**Work task:**
Beginning with the line that holds "A rocket on", write out the remaining lines of the material exactly, the last line included.
◆ ◆ ◆ ◆ ◆ ◆ ◆
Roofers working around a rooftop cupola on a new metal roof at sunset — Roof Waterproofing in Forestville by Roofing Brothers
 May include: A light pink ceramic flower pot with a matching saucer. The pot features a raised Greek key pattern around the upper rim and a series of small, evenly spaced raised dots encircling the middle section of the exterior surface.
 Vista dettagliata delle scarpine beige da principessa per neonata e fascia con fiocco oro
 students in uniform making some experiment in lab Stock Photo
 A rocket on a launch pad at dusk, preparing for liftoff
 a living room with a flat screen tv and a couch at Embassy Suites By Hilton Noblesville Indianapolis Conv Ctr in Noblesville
◆ ◆ ◆ ◆ ◆ ◆ ◆
**Answer to the exercise:**
 A rocket on a launch pad at dusk, preparing for liftoff
 a living room with a flat screen tv and a couch at Embassy Suites By Hilton Noblesville Indianapolis Conv Ctr in Noblesville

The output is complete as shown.